Start of Source records
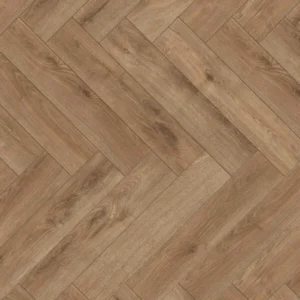 kaindl_Dab-Harlech-32676-1-600x600 Dąb Harlech K32676 - Masterfloor Maestro - Kaindl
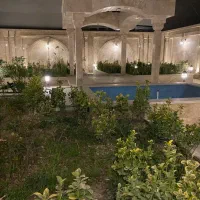 ویلایی فاز ۲ خیابان بالا (۶۰۰ متر شمالی) ۶ پارکینگ|اجارهٔ خانه و ویلا|کرج, گوهردشت|دیوار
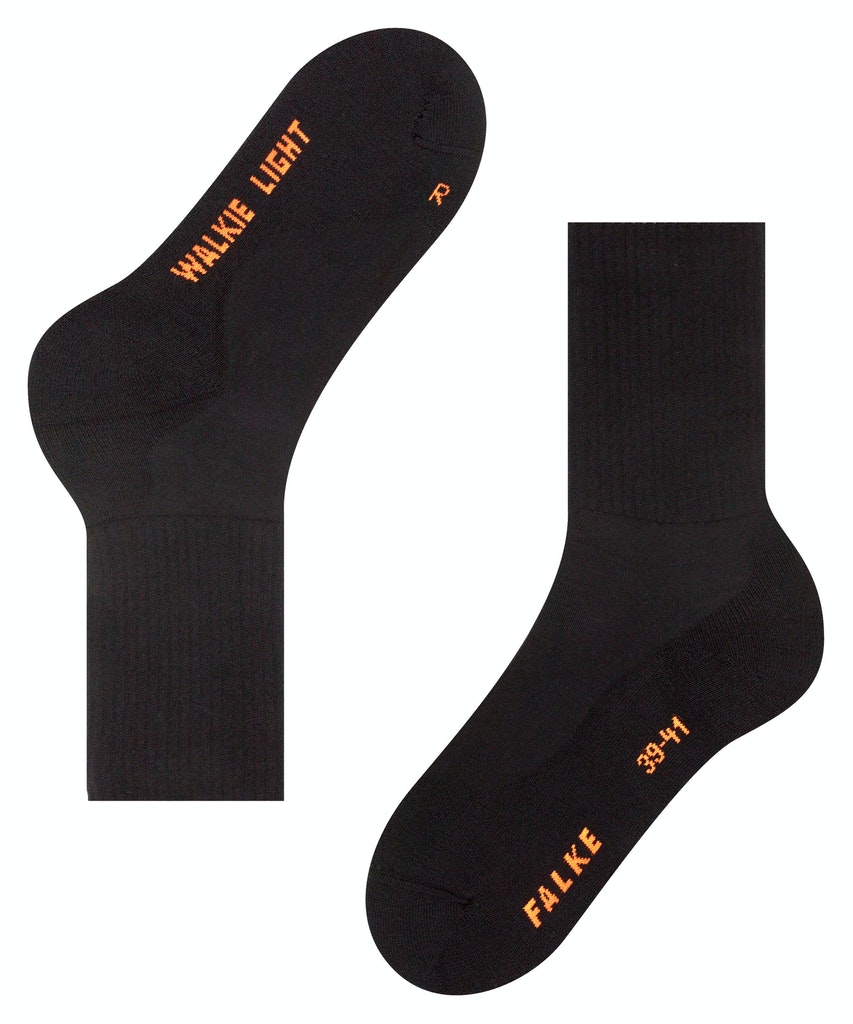 Socken Walkie Light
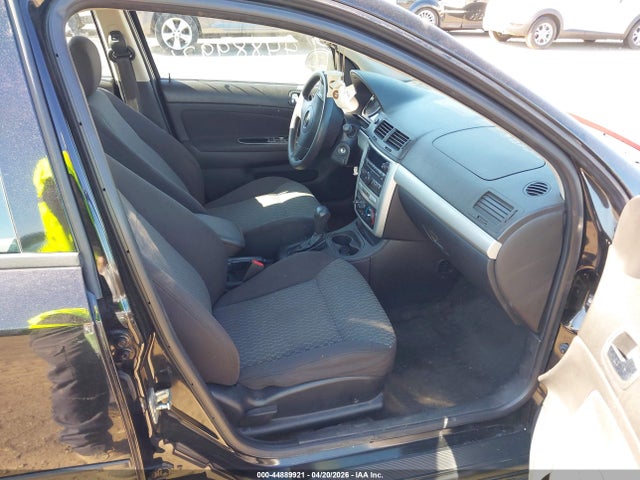 Aukcja sprzedaży 2010 Chevrolet Cobalt Lt, vin: 1G1AD5F59A7219985, numer aukcji: 44889921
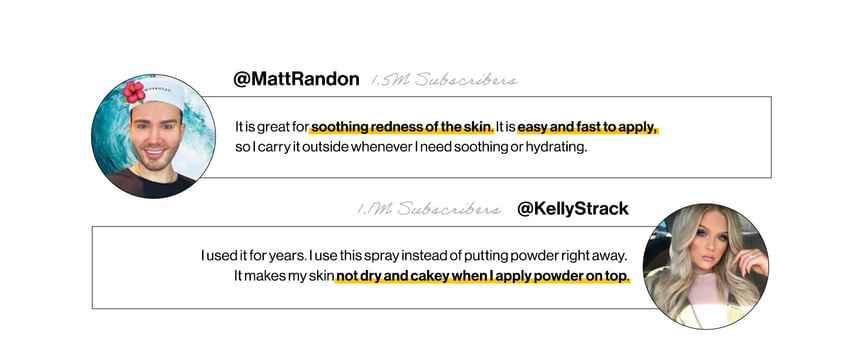 D’ALBA White Truffle First Spray Serum 60ml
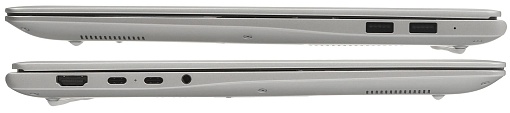 Ноутбук Honor MagicBook Pro 14 FMB-P 14.6" (Intel Core Ultra 9 285H, Intel Arc 140T) 32ГБ, 1ТБ SSD, Windows 11 Home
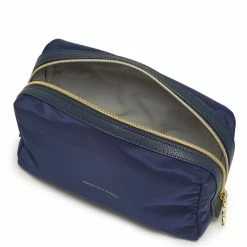 Estella Bartlett Woman On A Mission Travel Pouch Sale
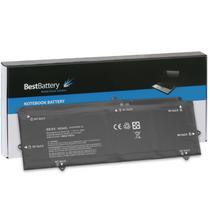 Bateria para Notebook HP 860724-2B1 Bateria para Notebook HP 860724-2B1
End of Source records
**Directions for this task:**
Write out the lines of the entries above exactly, beginning with the first and ending with the line that contains "Estella Bartlett Woman". No picture goes in.

**Result:**
 kaindl_Dab-Harlech-32676-1-600x600 Dąb Harlech K32676 - Masterfloor Maestro - Kaindl
 ویلایی فاز ۲ خیابان بالا (۶۰۰ متر شمالی) ۶ پارکینگ|اجارهٔ خانه و ویلا|کرج, گوهردشت|دیوار
 Socken Walkie Light
 Aukcja sprzedaży 2010 Chevrolet Cobalt Lt, vin: 1G1AD5F59A7219985, numer aukcji: 44889921
 D’ALBA White Truffle First Spray Serum 60ml
 Ноутбук Honor MagicBook Pro 14 FMB-P 14.6" (Intel Core Ultra 9 285H, Intel Arc 140T) 32ГБ, 1ТБ SSD, Windows 11 Home
 Estella Bartlett Woman On A Mission Travel Pouch Sale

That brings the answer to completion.